- Opening Delimiter -

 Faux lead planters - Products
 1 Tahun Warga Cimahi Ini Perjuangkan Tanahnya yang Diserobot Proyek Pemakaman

- Closing Delimiter -
- Opening Delimiter -

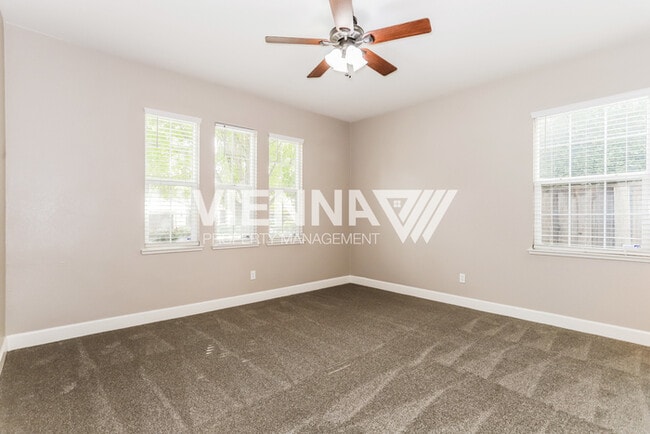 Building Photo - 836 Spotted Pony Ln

- Closing Delimiter -

TASK GOAL: Write out only the lines that run from the line containing "Faux lead planters - Products" through the line containing "1 Tahun Warga", both included, exactly as they appear above.

ANSWER SECTION:
 Faux lead planters - Products
 1 Tahun Warga Cimahi Ini Perjuangkan Tanahnya yang Diserobot Proyek Pemakaman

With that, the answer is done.